- What to work on: Copy out only the lines running from the one that contains "Load image into" through the end of the listing. Pictures stay out.

- Recorded information:
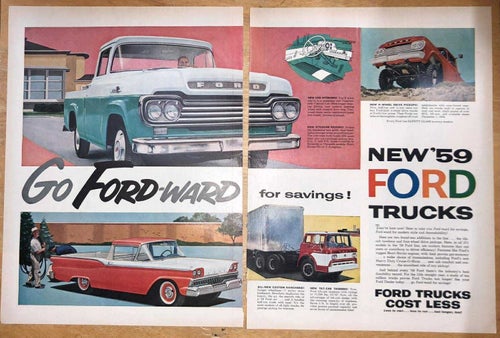 Tidningsutdrag 1959 Ford Trucks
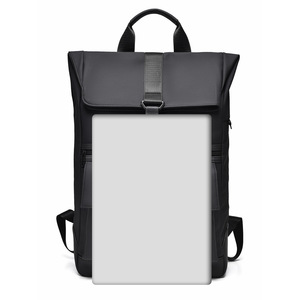 Men's Stylish Premium PU <b>Backpack</b> Vintage Fashionable Roll-Top New Outdoor Travel Leisure for Summer - Product Image 2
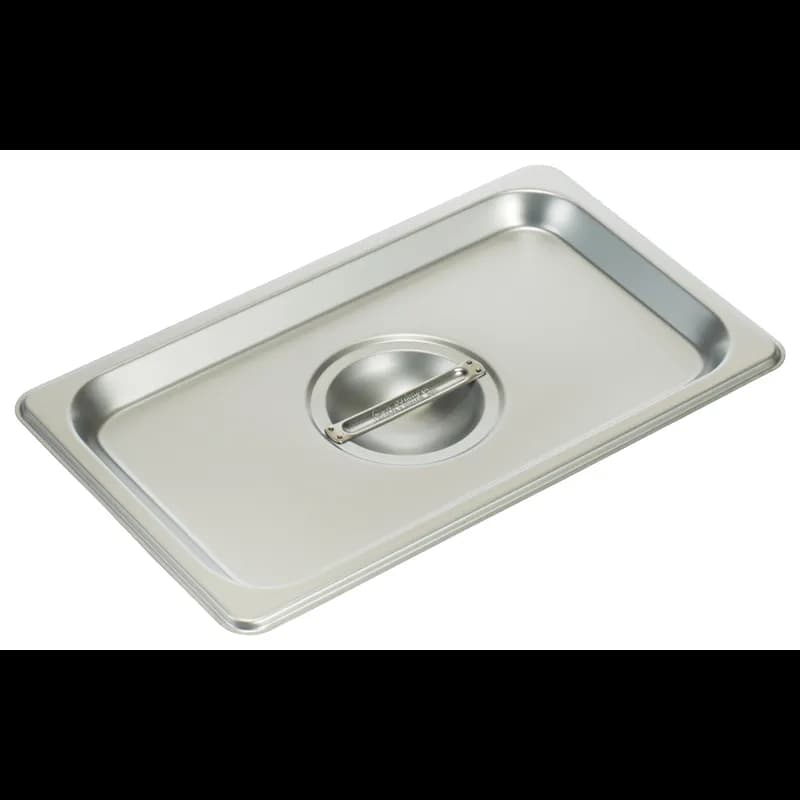 Food Pan Cover 1/4 Size Rectangle 18/8 Stainless Steel Solid 72 Packs/Case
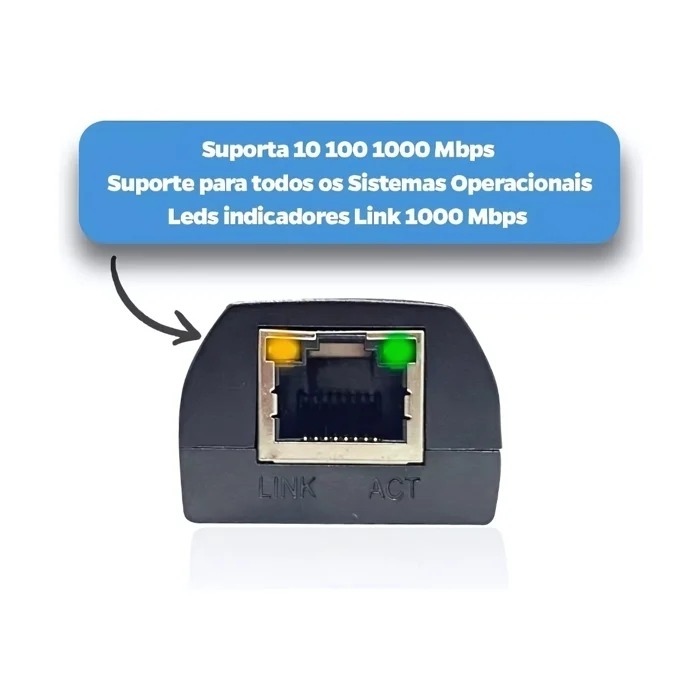 Adaptador Tipo C para Rede RJ45 101001000MBPS JC-TYC 5
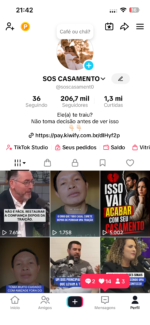 Conta de Tik Tok com mais de 200 mil seguidores - Imagem 2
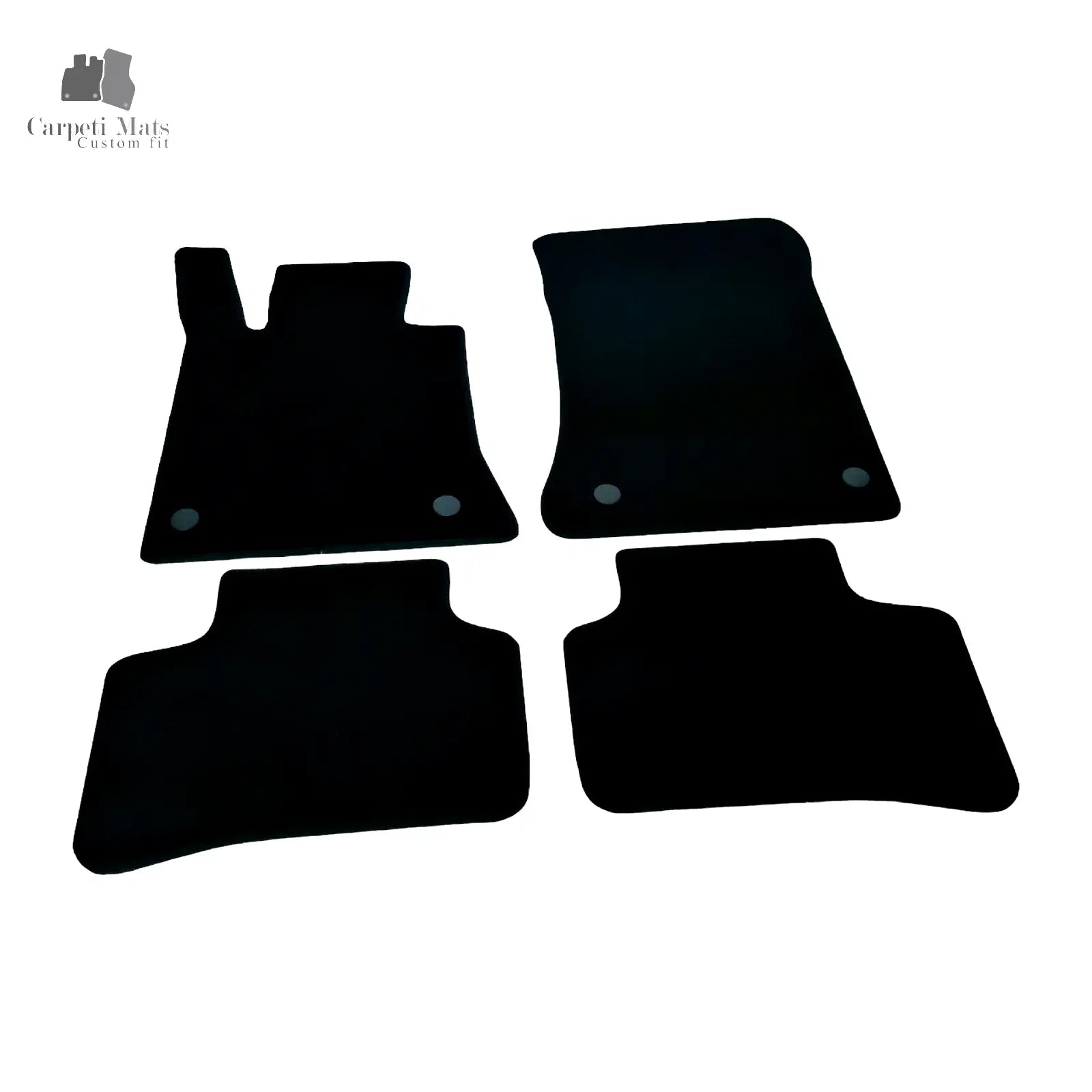 Car Floor Mats Velour For Mercedes GLK Waterproof Black Car Rugs Auto Liners New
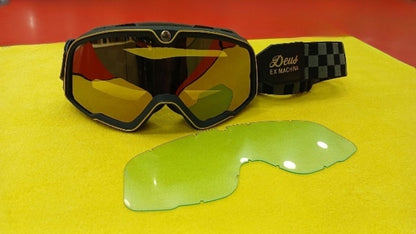 100% BARSTOW GOGGLE - BLACK - YELLOW MIRROR LENS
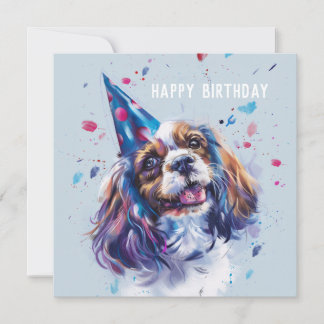 Cavalier King Charled Spaniel Birthday card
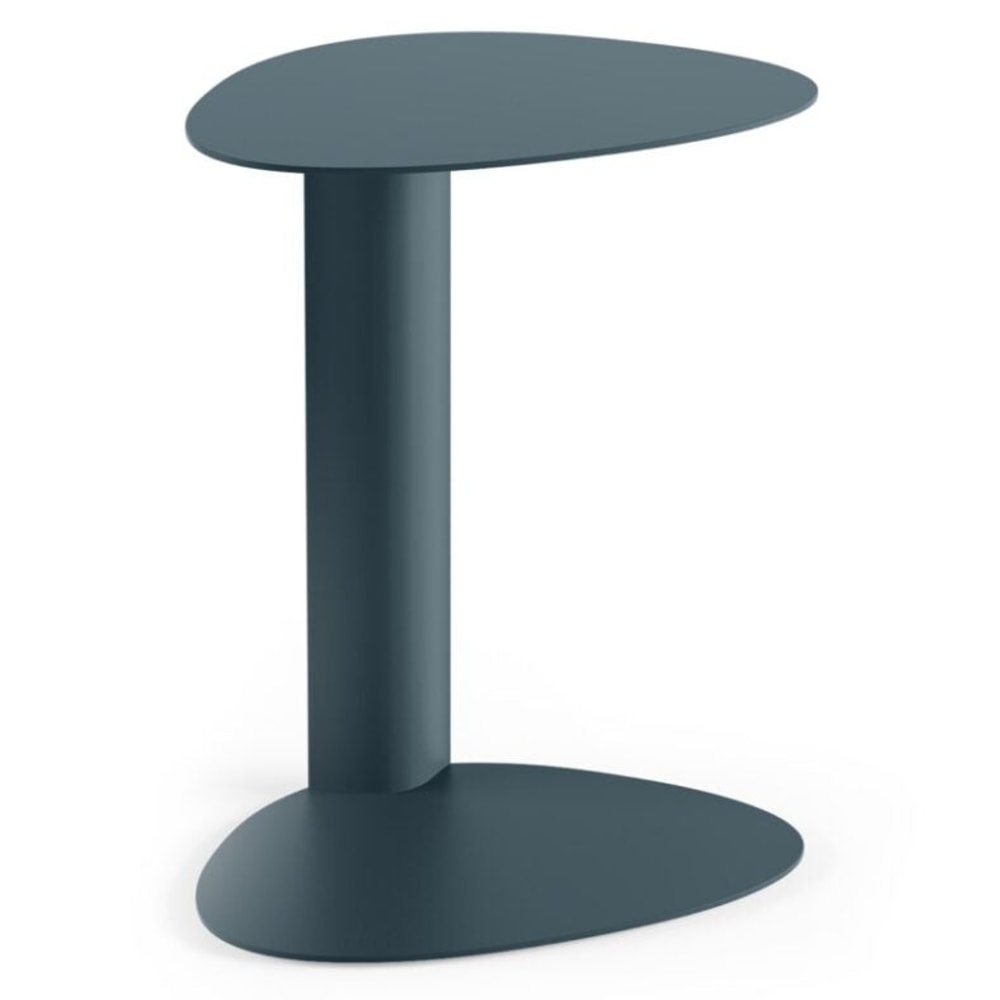 BDi Bink Laptop Stand / Side Table in Ocean, on white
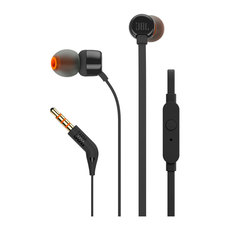 Стерео слушалки JBL T110 BLK Стерео слушалки JBL T110 BLK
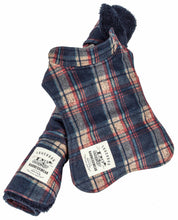 Load image into Gallery viewer, 2-In-1 Tartan Plaided Dog Jacket With Matching Reversible Dog Mat
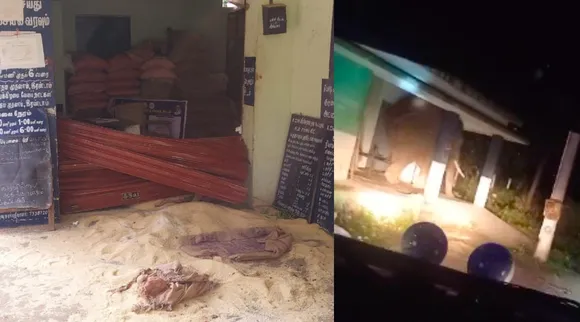 Coimbatore: wild elephant dashed ration shop Sulthaniya puram video Tamil News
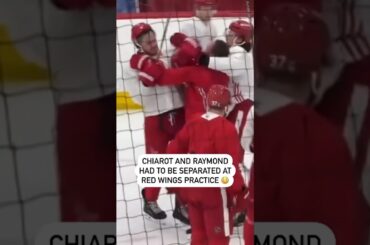 Scrum At Red Wings Practice 😬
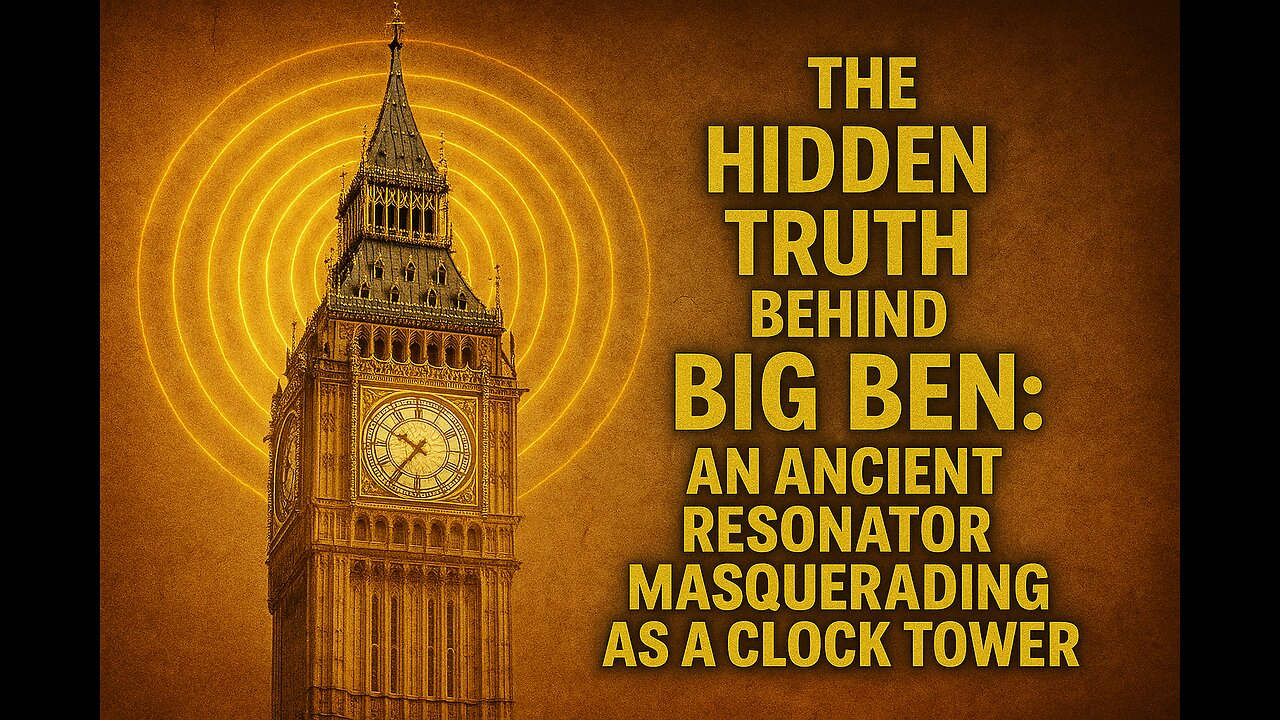The Hidden Truth Behind Big Ben: An Ancient Resonator Masquerading as a Clock Tower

- Task output:
 Load image into Gallery viewer, 2-In-1 Tartan Plaided Dog Jacket With Matching Reversible Dog Mat
 Coimbatore: wild elephant dashed ration shop Sulthaniya puram video Tamil News
 Scrum At Red Wings Practice 😬
The Hidden Truth Behind Big Ben: An Ancient Resonator Masquerading as a Clock Tower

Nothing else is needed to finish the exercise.